Top of Material provided

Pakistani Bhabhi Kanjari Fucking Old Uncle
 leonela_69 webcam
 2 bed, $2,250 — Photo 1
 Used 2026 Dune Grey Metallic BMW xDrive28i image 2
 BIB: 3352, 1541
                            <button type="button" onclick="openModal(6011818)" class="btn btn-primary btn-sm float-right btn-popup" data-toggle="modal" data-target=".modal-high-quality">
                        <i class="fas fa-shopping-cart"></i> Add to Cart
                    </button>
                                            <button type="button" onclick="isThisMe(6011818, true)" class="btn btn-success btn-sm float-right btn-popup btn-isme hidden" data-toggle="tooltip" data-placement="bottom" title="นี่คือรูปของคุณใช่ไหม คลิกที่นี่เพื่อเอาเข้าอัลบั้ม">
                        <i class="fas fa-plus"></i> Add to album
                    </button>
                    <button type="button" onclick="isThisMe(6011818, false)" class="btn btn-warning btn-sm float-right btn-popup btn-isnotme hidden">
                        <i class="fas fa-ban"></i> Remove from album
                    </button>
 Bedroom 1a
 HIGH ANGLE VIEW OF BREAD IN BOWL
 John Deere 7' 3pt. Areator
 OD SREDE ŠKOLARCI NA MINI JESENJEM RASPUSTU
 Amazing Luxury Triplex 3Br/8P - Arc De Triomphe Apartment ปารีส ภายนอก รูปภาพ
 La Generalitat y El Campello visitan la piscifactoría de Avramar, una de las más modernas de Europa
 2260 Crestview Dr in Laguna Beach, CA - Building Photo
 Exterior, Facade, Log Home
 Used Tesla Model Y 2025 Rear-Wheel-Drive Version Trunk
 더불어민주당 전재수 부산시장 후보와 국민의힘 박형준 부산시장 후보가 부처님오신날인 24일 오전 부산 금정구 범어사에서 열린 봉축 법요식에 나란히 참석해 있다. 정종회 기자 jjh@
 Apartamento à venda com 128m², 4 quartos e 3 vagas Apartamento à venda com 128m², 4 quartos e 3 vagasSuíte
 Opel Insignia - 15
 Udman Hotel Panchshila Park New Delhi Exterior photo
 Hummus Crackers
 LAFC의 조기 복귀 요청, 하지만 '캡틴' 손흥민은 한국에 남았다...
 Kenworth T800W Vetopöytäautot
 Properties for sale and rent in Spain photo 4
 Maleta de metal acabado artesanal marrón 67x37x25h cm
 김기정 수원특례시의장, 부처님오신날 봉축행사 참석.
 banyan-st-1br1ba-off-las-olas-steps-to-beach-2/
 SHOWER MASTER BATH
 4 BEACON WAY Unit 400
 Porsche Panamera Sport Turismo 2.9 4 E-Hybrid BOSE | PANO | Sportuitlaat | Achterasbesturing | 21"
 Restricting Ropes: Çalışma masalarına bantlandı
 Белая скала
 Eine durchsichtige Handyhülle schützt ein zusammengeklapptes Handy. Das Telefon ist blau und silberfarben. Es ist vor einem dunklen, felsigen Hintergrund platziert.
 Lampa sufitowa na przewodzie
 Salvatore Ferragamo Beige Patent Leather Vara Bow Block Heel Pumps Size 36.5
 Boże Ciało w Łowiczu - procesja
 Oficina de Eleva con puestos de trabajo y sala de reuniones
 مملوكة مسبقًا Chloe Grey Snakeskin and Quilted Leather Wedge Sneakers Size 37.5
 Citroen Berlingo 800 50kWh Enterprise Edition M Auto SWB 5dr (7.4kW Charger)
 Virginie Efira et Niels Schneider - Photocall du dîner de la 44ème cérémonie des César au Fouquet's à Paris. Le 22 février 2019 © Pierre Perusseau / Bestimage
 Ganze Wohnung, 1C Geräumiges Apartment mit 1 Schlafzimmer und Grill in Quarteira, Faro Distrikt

Bottom of Material provided

What you have to do:
Look through the records and copy every line that has the word "toggle".

Completed exercise:
                            <button type="button" onclick="openModal(6011818)" class="btn btn-primary btn-sm float-right btn-popup" data-toggle="modal" data-target=".modal-high-quality">
                                            <button type="button" onclick="isThisMe(6011818, true)" class="btn btn-success btn-sm float-right btn-popup btn-isme hidden" data-toggle="tooltip" data-placement="bottom" title="นี่คือรูปของคุณใช่ไหม คลิกที่นี่เพื่อเอาเข้าอัลบั้ม">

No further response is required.